Per stabilire la legge penale da applicare è fondamentale determinare il tempo in cui è stato commesso il delitto.
Per individuare il tempus commissi delicti, la dottrina ha previsto tre criteri:
1) la teoria della condotta, la quale considera il reato commesso nel momento in cui si è realizzata l’azione o l’omissione;
2) la teoria dell’evento, per cui il reato è commesso quando si verifica la lesione causalmente riconducibile alla condotta;
3) la teoria mista, che guarda sia all’azione che all’evento, nel senso che il reato si considera indifferentemente commesso quando si
verifichi l’uno o l’altro.
I criteri devono essere applicati a seconda dei casi; quindi non vengono valutati in generale.

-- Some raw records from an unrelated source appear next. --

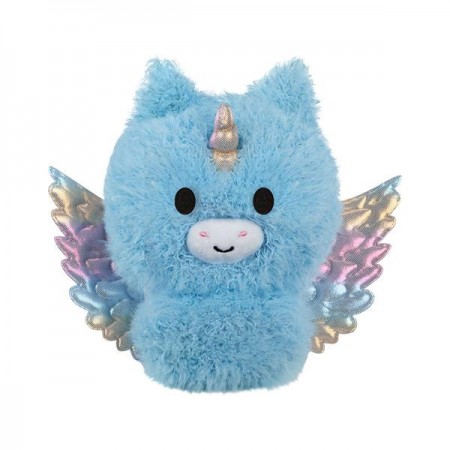 Мягкая игрушка-антистресс Fluffie Stuffiez Small Plush Пегас 20 см Мягкая игрушка-антистресс Fluffie Stuffiez Small Plush Пегас 20 см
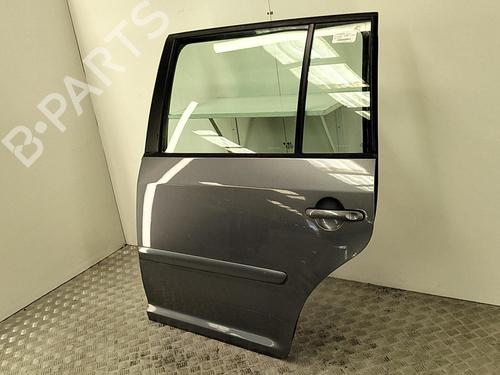 Used Left rear door VW TOURAN (1T1, 1T2) 1.9 TDI (105 hp) 22857763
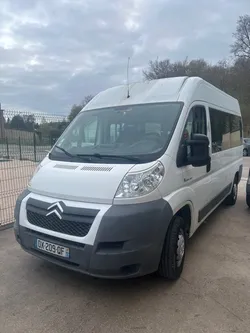 Vends jumper Hdi handicapé à 129000 kms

Sulla base dell’art. 2 c.p. relativo alla successione delle norme penali, generalmente viene respinta la teoria dell’evento e quella mista.
La teoria dell’evento viene respinta perché, a parte che non tutti i reati contengono nella loro struttura un evento naturalistico,
porterebbe ad un’applicazione retroattiva della legge penale in tutti i casi in cui la condotta si sia svolta sotto il vigore di una precedente
legge e l’evento si sia verificato dopo l’introduzione di una nuovo norma incriminatrice eventualmente emanata.
La teoria mista viene respinta perché non è ragionevole considerare commesso un reato indifferentemente sotto la vigenza di due norme
incriminatrici diverse.
Il criterio della condotta è quello decisivo perché riguarda il momento in cui il soggetto compie il proposito criminoso e perché è il momento
in cui agisce la funzione di prevenzione generale connessa alla minaccia della sanzione punitiva.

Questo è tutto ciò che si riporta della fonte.